## Exercise details
Without the pictures, write the listing below out again, line for line.

## Data extract
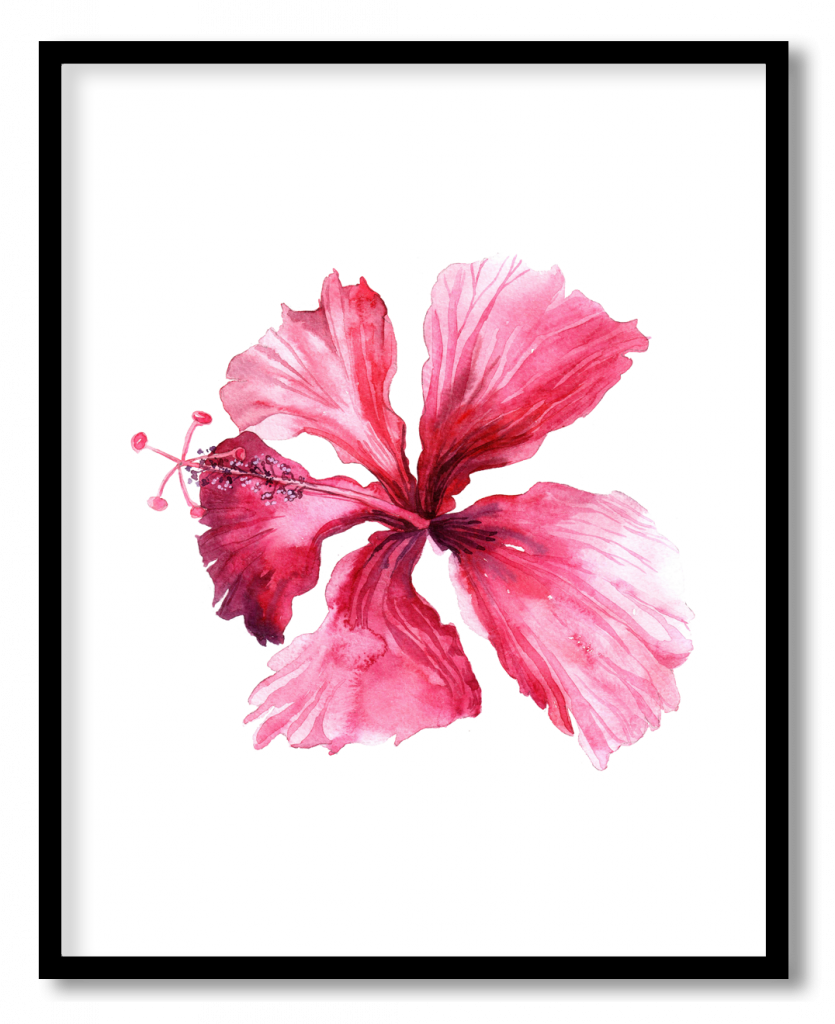 Blush pink flower element #11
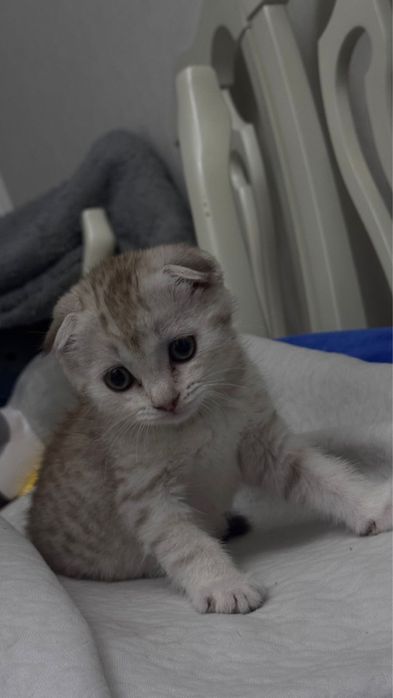 продается котенок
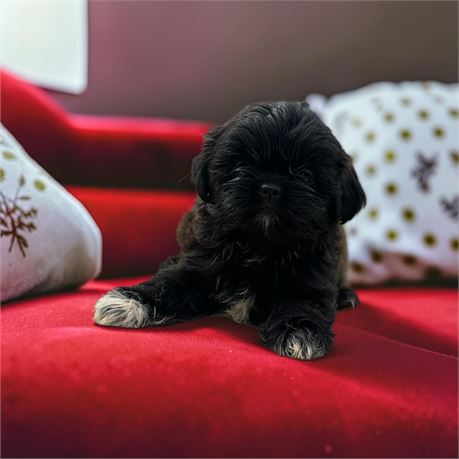 Black Shihtzu male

## Problem solution
 Blush pink flower element #11
 продается котенок
 Black Shihtzu male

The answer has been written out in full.